From a distance, Ethan Lavallee could easily pass as an NHL defenseman. At nearly 6-foot-6 (he's officially listed at 6-foot-5 1/2) and 192 pounds, he would weigh in on the lighter side of a professional hockey backliner, but he would hardly be out of place in a team photoshoot.
Yet Lavallee isn't an NHL player. In fact, he's not even a college player … or a high school player. Rather, Lavallee is the biggest 12-year-old hockey player you or anyone else has ever seen. A native of Sudbury, Ontario, about five hours from Toronto, Lavallee plays for AAA Peewee Nickel City Sons, who stand third in the competitive Ontario Peewee league.
As reported in a terrific feature in the Toronto Star, Lavallee is the top scorer for the Nickel City Sons, which may not come as a surprise given the fact that he's a full foot taller than most other kids on the ice. What is surprising is that while players his size are almost always defenders by trade, Lavallee has insisted on becoming a forward.
As one might expect, Lavallee is expected to be a physical presence on the ice as well. That presents a rather unique problem, since any hits to the head in the minimal contact Ontario league draw a mandatory two-minute penalty.
That's a much bigger problem for Lavallee, since his shoulder is at most other players' head level.
"Sometimes I'll hit, but whenever I hit I make sure I'm down low and never shoulder to head," Lavallee told the Star. "There are people gunning for me on the other teams."
The concern about other players "gunning" for Lavallee has been reinforced by his coach, Dan Giroux.

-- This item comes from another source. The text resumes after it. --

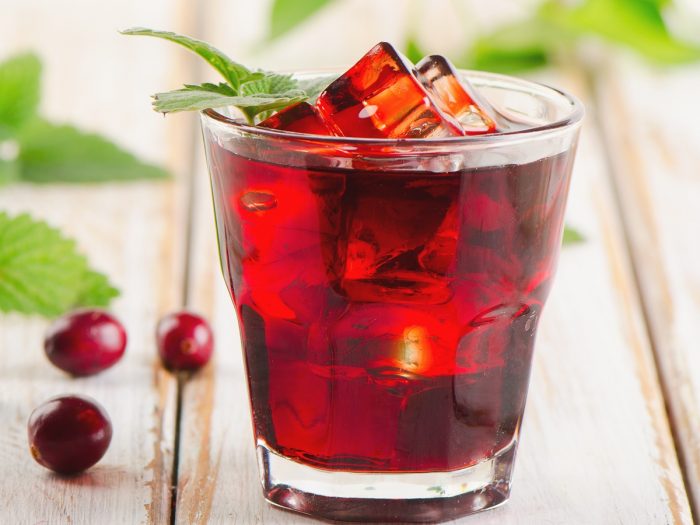 A glass of red-colored liquid in a glass-topped with ice and a sprig of mint on a wooden surface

"Is he really 12 years old? He becomes a target," Giroux told the Star. "Being that big, a lot of kids want to say they knocked him down. He takes a lot of abuse from the fans and even other coaches. Anytime he runs into a child they think he's trying to kill them."
For now, Lavallee and his size 14 feet are still a "bundle of long-limbed potential," as the Star's Kerry Gillespie put it. In the meantime, Lavallee and his parents will keep hoping for the exact opposite of Tom Hanks' character in the movie Big: They just want Ethan to stop growing before he's forced into becoming a basketball player.
"Constantly growing really doesn't help," Lavallee told the Star. "I get used to skating and then I grow one-and-a-half inches in one month and I kind of lose the feel for it."